2. At high rpms the delivery ratio of fuel/air becomes less and the pumping loss of engine power becomes more with increased timing avance so that it is accumulative enough to weaken engine power at high revs. "Pumping loss" refers to the power detracted from the engine because of the force needed to push the piston up to top center against the pressures of the compressed gases and the pressure caused by gas expansion due to combustion.
3. Making the ignition and combustion happen later at high rpms increases the powerband of the engine equipped with an expansion chamber because the exhaust exiting the exhaust port is still burning and is therefore hotter than it is at lower rpms. That increased exhaust temperature allows the pressure/sound wave to travel faster. A pressure wave that returns to the cylinder sooner than normal better matches when the piston upstroke happens to prevent loss of fuel/air charge out the port. That in effect it allows a wider powerband of engine power.

The following is from Eric Gorr's paper "Basic 2 Stroke Tuning" where he talks about advancing or retarding the whole ignition curve of an advancing/retarding CDI on a dirt bike by changing the stator position CW or CCW:

AFFECTS OF THE IGNITION TIMING

Here is how changes in the static ignition timing affects the power band of a Japanese dirt bike. Advancing the timing will make the power band hit harder in the mid range but fall flat on top end.
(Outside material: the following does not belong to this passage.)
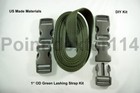 1  Make Your Own Lashing Straps Kit   out Of Business Final Sale   Diy  New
Advancing the timing gives the flame front in the combustion chamber adequate time to travel across the chamber to form a great pressure rise. The rapid pressure rise contributes to a power band's "Hit". In some cases the pressure rise can be so great that it causes an audible pinging noise from the engine. As the engine rpm increases, the pressure in the cylinder becomes so great that pumping losses occur to the piston. That is why engines with too much spark advance or too high of a compression ratio, run flat at high rpm.

Retarding the timing will make the power band smoother in the mid-range and give more top end over rev. When the spark fires closer to TDC, the pressure rise in the cylinder isn't as great. The emphasis is on gaining more degrees of retard at high rpm. This causes a shift of the heat from the cylinder to the pipe. This can prevent the piston from melting at high rpm, but the biggest benefit is how the heat affects the tuning in the pipe. When the temperature rises, the velocity of the waves in the pipe increases. At high rpm this can cause a closer synchronization between the returning compression wave and the piston speed. This effectively extends the rpm peak [power] of the pipe.